KEKEXILI: MOUNTAIN PATROL
unrated, 95 minutes


The windswept Kekexili highlands on the Tibet-China border are home to the endangered Tibetan antelope. If that factoid suggests the dullest of conservation documentaries, then you haven’t met the ass-kicking poacher police of the harrowing Chinese adventure “Kekexili Mountain Patrol.”


Make that the sometimes ass-kicking Patrol leader Ritai (Duobuji) and his team spend much of their time trying not to freeze, starve, drown in quicksand, or collapse from the thin air. Against a backdrop of unyielding mountains, they rumble in Range Rovers across endless plains in oft-fruitless pursuit of their unscrupulous quarry.


Our introduction to these insanely persistent do-gooders is through a sympathetic Chinese journalist, Ga Yu Zhang Lei), chasing a story. A hangeron, he seems to be there to remind us of the extraordinary factual basis of the story: an actual volunteer poacher patrol begun in the early ’90s. The back story only makes the single-minded Ritai all the more a source of awe and mystery: What drives this tough-talker who has the no-nonsense manner of a precinct sergeant?


“Kekexili” doesn’t have to be big on character development because action in extremis produces its own visceral truths and welter of emotions. Director Chuan Lu also doesn’t flinch from showing nonenvironmental violence against man or animal, whether a murder of expediency or the skinning of a rabbit.


Grown men would (and do) cry at the prospect of perishing in such conditions The terror of dying alone on the Kekexili is palpable and contagious. “It’s more interesting” than being a student, one of Ritai’s young colleagues says. That’s one way of putting it.


“Kekexili” is too honest about its bleakness to satisfy as an action movie might. Mr. Lu’s is a different project, and he knows how to end it. So be sure to catch this before Paul Walker shows up in the inevitable Hollywood version.


– Nicolas Rapold


SISTERS IN LAW
unrated, 104 minutes


“You cannot defend what you have done,” the judge barks in “Sisters in Law.” “You have no excuse.” The sentence? Jail time.

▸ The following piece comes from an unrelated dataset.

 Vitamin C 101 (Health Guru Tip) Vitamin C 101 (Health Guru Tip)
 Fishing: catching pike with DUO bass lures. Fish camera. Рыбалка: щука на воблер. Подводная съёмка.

It sounds like an episode of “Judge Judy,” but this is in a documentary about the Cameroonian court system. What’s even more surprising is that everyone involved – including the judge and prosecutor – is a woman. Welcome to the world of “Sisters in Law,” a sharply observed documentary about the women who run the legal system in this small African country.

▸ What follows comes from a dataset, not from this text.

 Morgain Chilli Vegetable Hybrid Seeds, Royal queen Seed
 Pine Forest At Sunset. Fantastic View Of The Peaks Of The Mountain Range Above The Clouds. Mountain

In a week when the biggest movie being released is “Scary Movie 4,” you owe it to yourself to get your mind out of the gutter and be truly entertained by this flick.


– Grady Hendrix


BLACKBALLED: THE BOBBY DUKES STORY
unrated, 91 minutes


Oh, Spinal Tap, what hast thou wrought? Since you blew onto the scene with your Stonehenge and your amplifiers that go to “11,” there have been a million low-budget imitations. While there have been mockumentary hits like “The Blair Witch Project” and “The Office,” the cinema-scape is littered with the corpses of failures. And now I direct your attention to the latest corpse: “Blackballed: The Bobby Dukes Story.”

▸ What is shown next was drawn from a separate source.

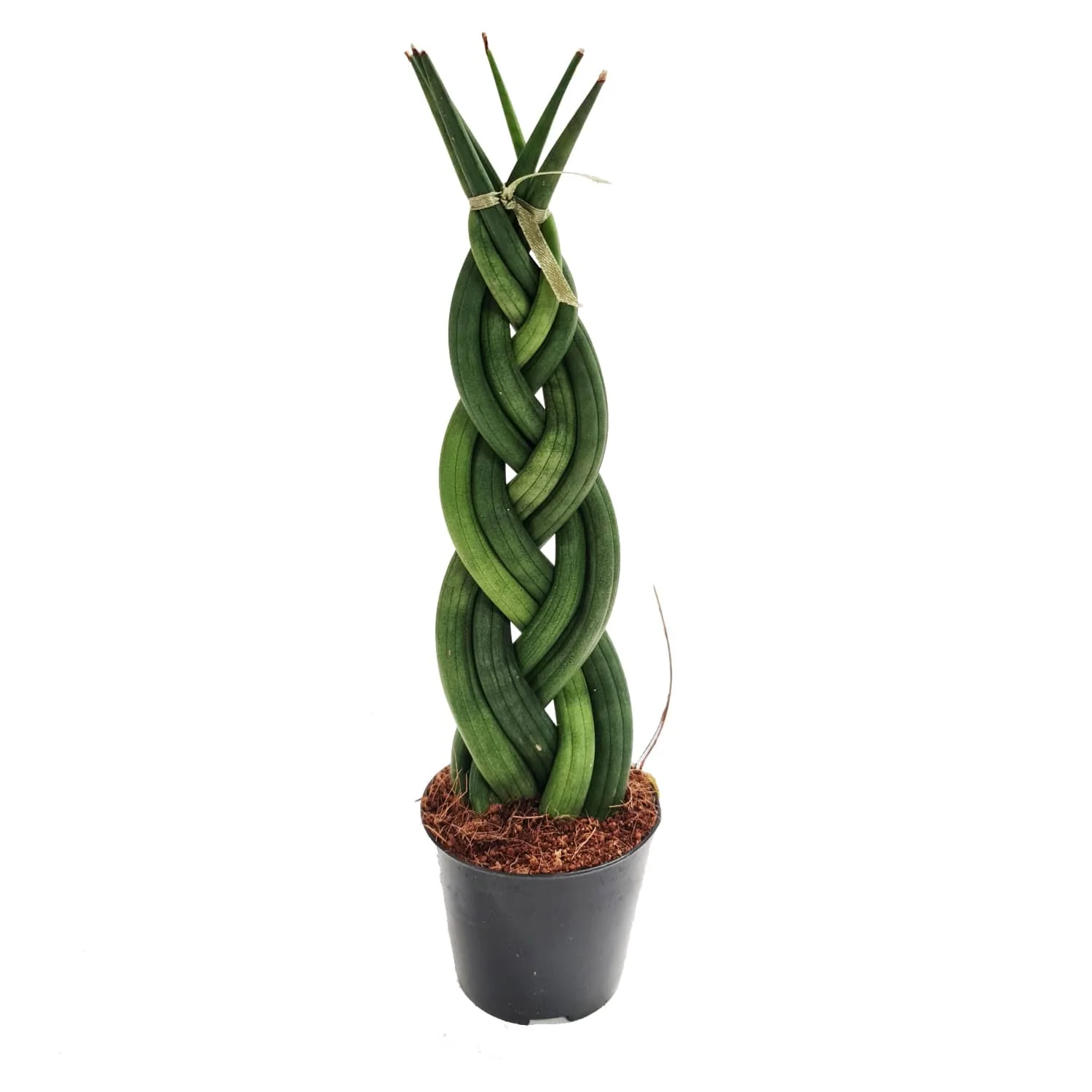 Snake Plant | Braided - Image 3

“Blackballed” is a moderately amusing, toothless mockumentary about Bobby Dukes, who was the greatest player in paintball history until he was forced out of the sport for cheating. This shot-on-video flick picks up 10 years later as Dukes – older, wiser, and balder – tries to make a comeback. Because of his past disgrace, no legit players will join his new paintball team. And so, in one of the hoariest of sports movies cliches, Dukes has to assemble a legion of lovable losers to win the big trophy. Rob Corddry (“The Daily Show”) plays Dukes with an agreeable decency, and Rob Huebel throws himself into his role as the boneheaded Sam Brown with a dedication worthy of Steven Seagal. The rest of the Upright Citizens Brigade cast, however, wears its smirking superiority on its sleeves.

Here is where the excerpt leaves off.